A Justiça de São Paulo arquivou a punibilidade do jornalista Luan Araújo no processo de difamação movido pela ex-deputada Carla Zambelli (PL-SP). A decisão foi assinada hoje pelo juiz José Fernando Steinberg, do Juizado Especial Criminal.

O magistrado reconheceu o cumprimento das penas após uma campanha de arrecadação online viabilizar o pagamento de R$ 2.216,30 em multas e prestações pecuniárias. A prisão do jornalista havia sido determinada no início de junho pelo não pagamento da multa.

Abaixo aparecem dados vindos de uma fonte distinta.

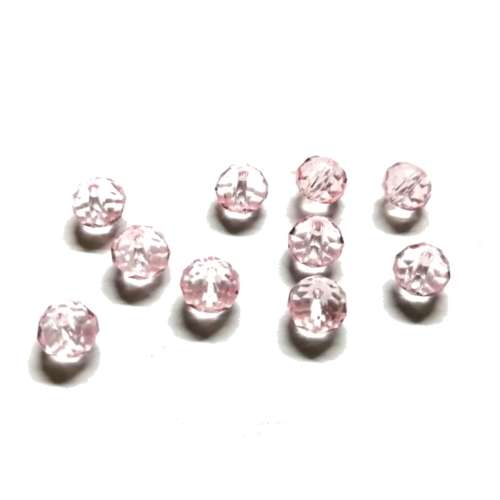 Beads - Crystal Beads - 8mm - clear rose - 10pcs- Beads for crafting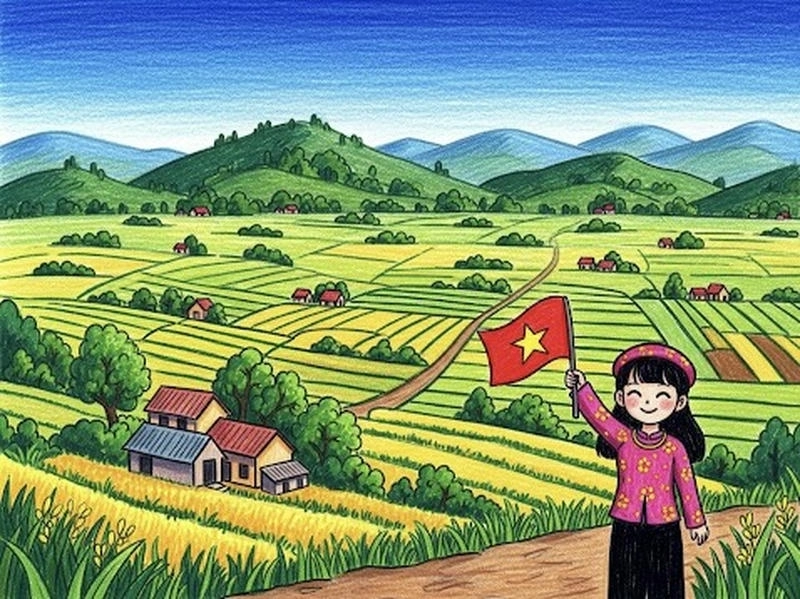 tranh vẽ quê hương đất nước thiếu nhi 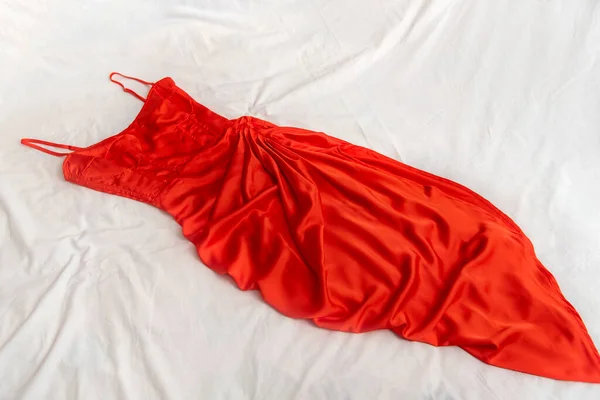 Vestido Vermelho Elegante Com Espartilho Tiras Finas Vestido Mulher Feito — Fotografia de Stock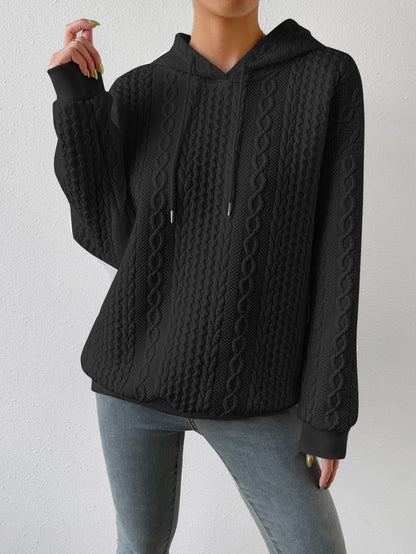 Cable Textured Drop Shoulder Drawstring Hoodie - Seldom Seen Styles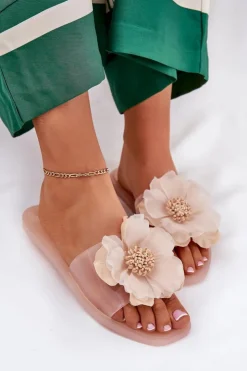 Outlet Boto Transparentne Płaskie Klapki Damskie Ze Sztucznym Kwiatem Nude Vobetta Beżowy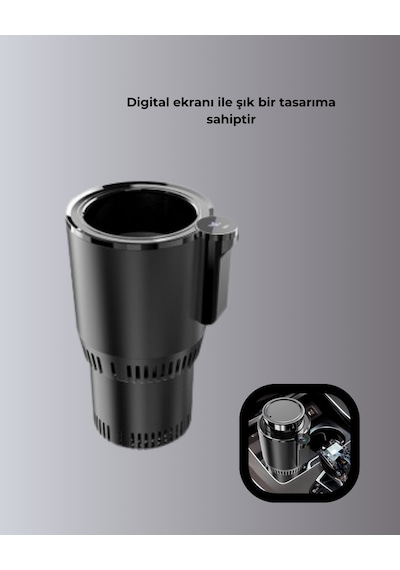 Techmrt Araba Bardaklığı Isıtma Soğutma Ayarlı Çakmak Girişli Akıllı Model Çok Renkli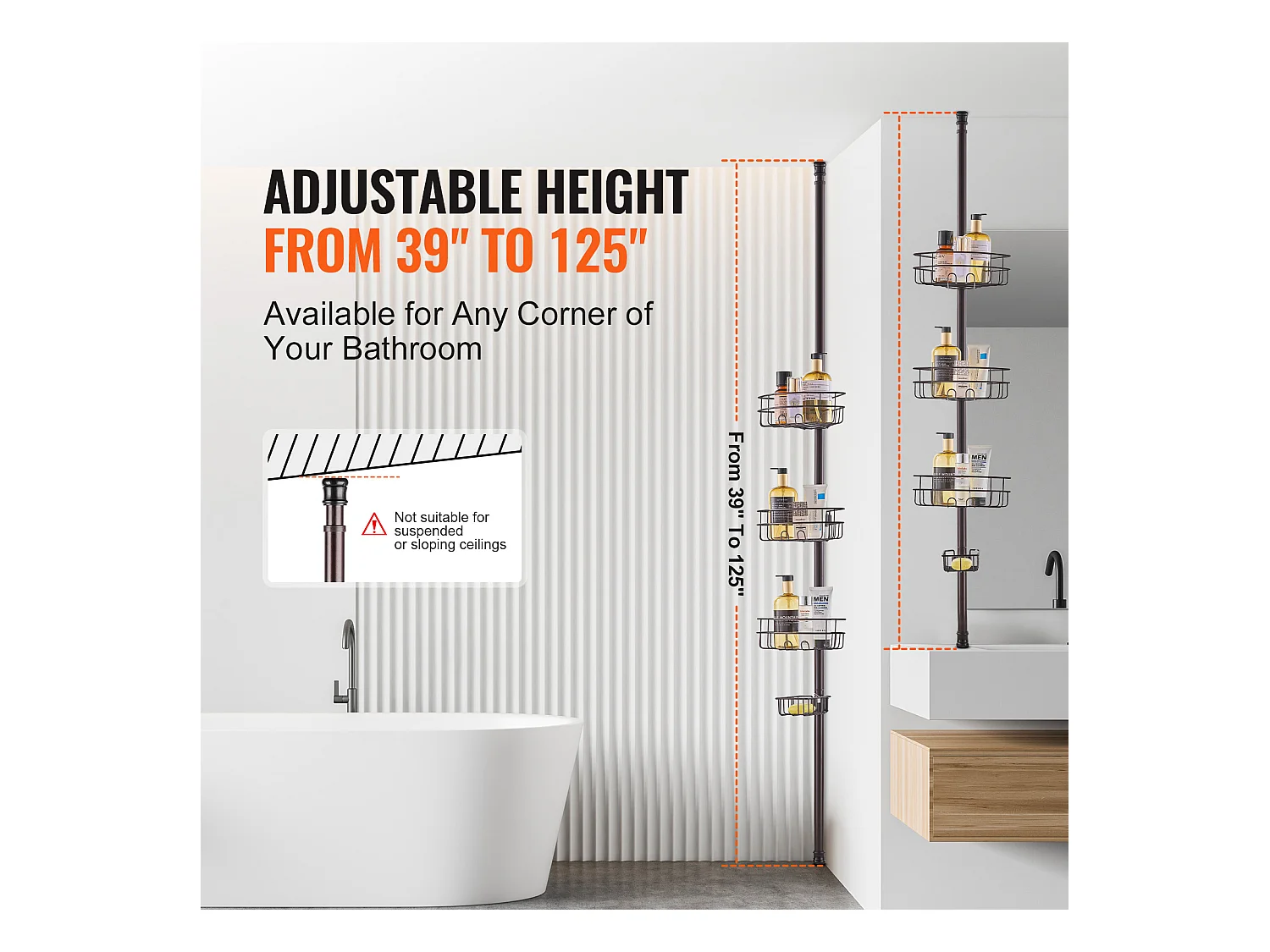 Douchehoekplank SucceBuy Hoekplank D D Hoekdouche Caddy Spanpot voor Hoekdouchemand 0.99m tot 3.17m Hoogte Antiroest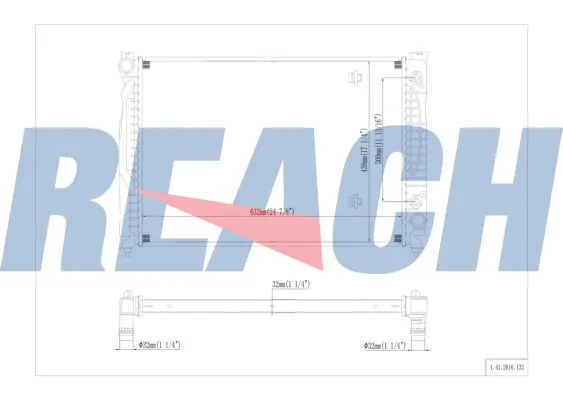 1.41.2616.132 REACH Радиатор, охлаждение двигателя (фото 1)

A defesa destacou que o apoio da sociedade foi fundamental para reverter a decisão de prisões, mostrando a desproporcionalidade da medida frente à hipossuficiência financeira de Araújo, segundo o advogado Renan Bohus.

O caso teve repercussão em 2022, quando Araújo escreveu no Diário do Centro do Mundo que Zambelli era “seguidora de uma seita de doentes de extrema-direita” e integrava uma “extrema direita mesquinha”. A reportagem atraiu a ação penal.

Zambelli foi condenada pelo STF a cinco anos e três meses de prisão pela perseguição com arma. Em processo anterior, a deputada também foi condenada a dez anos por invasão ao CNJ e chegou a ser presa na Itália, mas o pedido de extradição foi cancelado pela Justiça italiana.